Supplied records:
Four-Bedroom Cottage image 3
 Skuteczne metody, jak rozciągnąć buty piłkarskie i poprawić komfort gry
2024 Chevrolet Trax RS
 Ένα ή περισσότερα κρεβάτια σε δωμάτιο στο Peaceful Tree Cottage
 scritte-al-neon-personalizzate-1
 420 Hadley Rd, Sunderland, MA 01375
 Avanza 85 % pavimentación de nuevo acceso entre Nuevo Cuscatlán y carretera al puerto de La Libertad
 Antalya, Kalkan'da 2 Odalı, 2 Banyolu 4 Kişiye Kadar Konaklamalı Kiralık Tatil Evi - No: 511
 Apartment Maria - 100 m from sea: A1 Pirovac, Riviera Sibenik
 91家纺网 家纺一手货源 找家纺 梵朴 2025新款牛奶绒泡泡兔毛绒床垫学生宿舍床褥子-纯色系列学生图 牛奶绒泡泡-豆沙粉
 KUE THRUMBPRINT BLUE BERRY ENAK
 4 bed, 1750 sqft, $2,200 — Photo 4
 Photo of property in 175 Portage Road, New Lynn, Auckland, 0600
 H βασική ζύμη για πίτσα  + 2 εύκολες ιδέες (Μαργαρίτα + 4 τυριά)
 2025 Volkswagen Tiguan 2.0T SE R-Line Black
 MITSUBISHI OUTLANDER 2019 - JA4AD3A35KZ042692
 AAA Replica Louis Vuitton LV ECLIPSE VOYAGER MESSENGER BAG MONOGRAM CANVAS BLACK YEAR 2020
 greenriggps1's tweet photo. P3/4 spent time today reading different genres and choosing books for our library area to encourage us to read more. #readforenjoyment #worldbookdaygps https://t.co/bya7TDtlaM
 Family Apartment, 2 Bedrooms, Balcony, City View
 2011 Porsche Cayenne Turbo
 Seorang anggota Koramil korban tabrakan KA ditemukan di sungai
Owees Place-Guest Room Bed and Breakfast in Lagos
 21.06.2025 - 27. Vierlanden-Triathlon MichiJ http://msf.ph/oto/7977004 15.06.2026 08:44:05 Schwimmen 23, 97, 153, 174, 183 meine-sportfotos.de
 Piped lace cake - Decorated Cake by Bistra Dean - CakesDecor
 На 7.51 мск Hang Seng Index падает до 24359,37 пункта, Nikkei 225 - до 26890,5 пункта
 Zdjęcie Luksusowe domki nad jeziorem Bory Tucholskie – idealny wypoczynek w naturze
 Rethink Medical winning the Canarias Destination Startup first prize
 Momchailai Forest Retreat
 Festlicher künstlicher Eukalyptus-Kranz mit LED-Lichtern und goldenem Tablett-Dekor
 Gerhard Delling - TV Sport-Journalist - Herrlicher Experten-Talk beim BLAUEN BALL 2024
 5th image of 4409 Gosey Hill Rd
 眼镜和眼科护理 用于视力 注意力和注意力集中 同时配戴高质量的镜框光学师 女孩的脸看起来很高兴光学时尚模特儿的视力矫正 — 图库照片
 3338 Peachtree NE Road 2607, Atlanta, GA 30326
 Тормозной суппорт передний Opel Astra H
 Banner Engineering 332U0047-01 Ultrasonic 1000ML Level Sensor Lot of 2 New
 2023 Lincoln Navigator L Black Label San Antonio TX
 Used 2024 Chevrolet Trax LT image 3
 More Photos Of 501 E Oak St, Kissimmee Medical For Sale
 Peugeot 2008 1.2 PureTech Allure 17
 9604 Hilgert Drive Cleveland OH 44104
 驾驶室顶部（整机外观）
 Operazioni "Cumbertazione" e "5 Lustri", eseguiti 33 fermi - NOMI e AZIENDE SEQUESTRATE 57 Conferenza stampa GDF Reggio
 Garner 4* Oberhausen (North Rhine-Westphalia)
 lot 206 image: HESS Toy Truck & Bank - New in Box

Exercise: Could you output the records in full, exactly as written?

Answer to this task:
Four-Bedroom Cottage image 3
 Skuteczne metody, jak rozciągnąć buty piłkarskie i poprawić komfort gry
2024 Chevrolet Trax RS
 Ένα ή περισσότερα κρεβάτια σε δωμάτιο στο Peaceful Tree Cottage
 scritte-al-neon-personalizzate-1
 420 Hadley Rd, Sunderland, MA 01375
 Avanza 85 % pavimentación de nuevo acceso entre Nuevo Cuscatlán y carretera al puerto de La Libertad
 Antalya, Kalkan'da 2 Odalı, 2 Banyolu 4 Kişiye Kadar Konaklamalı Kiralık Tatil Evi - No: 511
 Apartment Maria - 100 m from sea: A1 Pirovac, Riviera Sibenik
 91家纺网 家纺一手货源 找家纺 梵朴 2025新款牛奶绒泡泡兔毛绒床垫学生宿舍床褥子-纯色系列学生图 牛奶绒泡泡-豆沙粉
 KUE THRUMBPRINT BLUE BERRY ENAK
 4 bed, 1750 sqft, $2,200 — Photo 4
 Photo of property in 175 Portage Road, New Lynn, Auckland, 0600
 H βασική ζύμη για πίτσα  + 2 εύκολες ιδέες (Μαργαρίτα + 4 τυριά)
 2025 Volkswagen Tiguan 2.0T SE R-Line Black
 MITSUBISHI OUTLANDER 2019 - JA4AD3A35KZ042692
 AAA Replica Louis Vuitton LV ECLIPSE VOYAGER MESSENGER BAG MONOGRAM CANVAS BLACK YEAR 2020
 greenriggps1's tweet photo. P3/4 spent time today reading different genres and choosing books for our library area to encourage us to read more. #readforenjoyment #worldbookdaygps https://t.co/bya7TDtlaM
 Family Apartment, 2 Bedrooms, Balcony, City View
 2011 Porsche Cayenne Turbo
 Seorang anggota Koramil korban tabrakan KA ditemukan di sungai
Owees Place-Guest Room Bed and Breakfast in Lagos
 21.06.2025 - 27. Vierlanden-Triathlon MichiJ http://msf.ph/oto/7977004 15.06.2026 08:44:05 Schwimmen 23, 97, 153, 174, 183 meine-sportfotos.de
 Piped lace cake - Decorated Cake by Bistra Dean - CakesDecor
 На 7.51 мск Hang Seng Index падает до 24359,37 пункта, Nikkei 225 - до 26890,5 пункта
 Zdjęcie Luksusowe domki nad jeziorem Bory Tucholskie – idealny wypoczynek w naturze
 Rethink Medical winning the Canarias Destination Startup first prize
 Momchailai Forest Retreat
 Festlicher künstlicher Eukalyptus-Kranz mit LED-Lichtern und goldenem Tablett-Dekor
 Gerhard Delling - TV Sport-Journalist - Herrlicher Experten-Talk beim BLAUEN BALL 2024
 5th image of 4409 Gosey Hill Rd
 眼镜和眼科护理 用于视力 注意力和注意力集中 同时配戴高质量的镜框光学师 女孩的脸看起来很高兴光学时尚模特儿的视力矫正 — 图库照片
 3338 Peachtree NE Road 2607, Atlanta, GA 30326
 Тормозной суппорт передний Opel Astra H
 Banner Engineering 332U0047-01 Ultrasonic 1000ML Level Sensor Lot of 2 New
 2023 Lincoln Navigator L Black Label San Antonio TX
 Used 2024 Chevrolet Trax LT image 3
 More Photos Of 501 E Oak St, Kissimmee Medical For Sale
 Peugeot 2008 1.2 PureTech Allure 17
 9604 Hilgert Drive Cleveland OH 44104
 驾驶室顶部（整机外观）
 Operazioni "Cumbertazione" e "5 Lustri", eseguiti 33 fermi - NOMI e AZIENDE SEQUESTRATE 57 Conferenza stampa GDF Reggio
 Garner 4* Oberhausen (North Rhine-Westphalia)
 lot 206 image: HESS Toy Truck & Bank - New in Box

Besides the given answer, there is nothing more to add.